Des hôpitaux suisses, on saute dans Siberia, l’archipel intérieur d’Abel Ferrara où Willem Dafoe interprète un ermite ayant fui dans les montagnes russes pour échapper aux souvenirs qui le hantent. Ce goulag de l’esprit prend la forme de rêves, de souvenirs et mêmes de présences démoniques. Dommage que le scénario de Ferrara comporte autant de phrases clichées et que son montage coupe le fil de la prestation de Dafoe, qui donne tout ce qu’il a. Cruel, parfois touchant et malheureusement résistible.
Bonheur du jour
Revoir Jason et ses huîtres de Nouvelle-Écosse au sein de l’événement présentant le festival canadien Devour, consacré au cinéma culinaire.

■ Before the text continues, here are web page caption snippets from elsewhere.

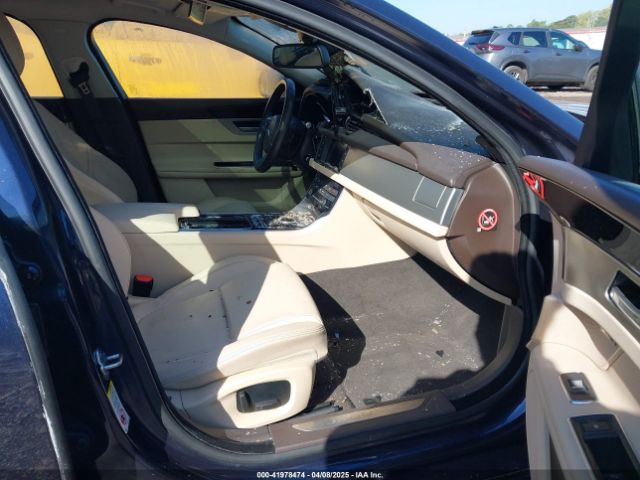 SAJBD4FX7JCY57670 Jaguar Xf 25t Premium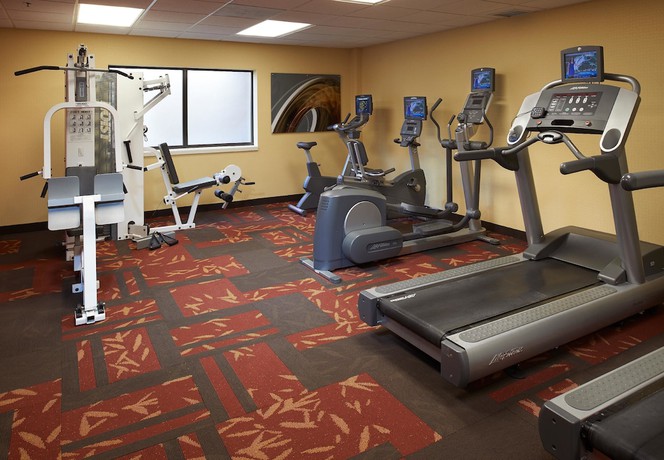 Imagen de los interiores del Hotel Courtyard By Marriott Indianapolis Castleton. Foto 14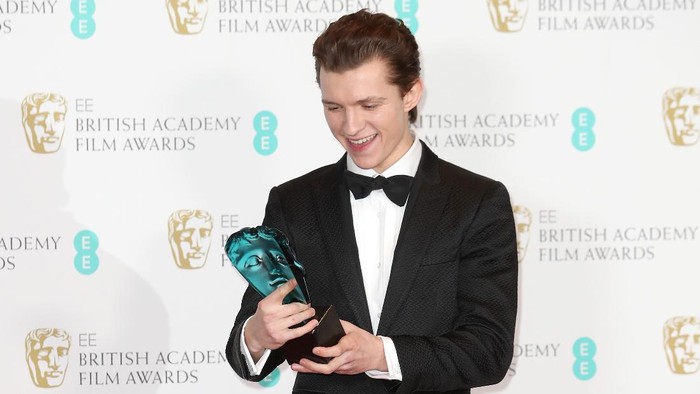 LONDON, ENGLAND - FEBRUARY 12:  EE Rising Star winner actor Tom Holland poses with his award in the winners room during the 70th EE British Academy Film Awards (BAFTA) at Royal Albert Hall on February 12, 2017 in London, England.  (Photo by Chris Jackson/Getty Images)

Inspiré de la défunte section Culinary Cinema de la Berlinale, Devour est devenu le festival de films culinaires le plus important au monde, attirant des milliers de personnes chaque année en octobre dans la petite ville de Wolfsville en Nouvelle-Écosse. En plus des huîtres, pétoncles et homards étaient au rendez-vous. Menoum !
Lendemain de la veille
Les files d’attente pour les projections de presse à l’entrée du Berlinale Palast, chose inconnue auparavant et les nouveaux horaires qui confondent tous les vieux habitués (dont nous sommes).
24 février 2020
Si, grâce à son champagne et à son soleil, Cannes est le festival du glamour Berlin, pour cause de schnaps et de grisaille, est celui de la politique. En ce dimanche berlinois, la politique était cependant loin dans les pensées lors de la projection du délicieux Pinocchio de Matteo Garrone (Dogman) dans la section Berlinale Special. Roberto Benigni, fan de l’histoire au point d’avoir voulu y jouer lui-même le rôle-titre dans sa production malheureuse de 2002, y revient ici dans le rôle de Geppetto, le pauvre père de l’aventureuse marionnette de bois. C’est touchant, souvent drôle, et parfois cruel comme tous les bons contes de fées. Les effets spéciaux qui donnent au visage du jeune Frederico Lelapi l’apparence d’une marionnette de bois y sont au service de l’histoire (et non l’inverse) et les somptueux décors offre un bel écrin pour les personnages habilement déguisés. Deux heures de bonheur mêlées de quelques larmes parce que Roberto Benigni en Geppetto c’est… Vraiment c’est… (sniff!)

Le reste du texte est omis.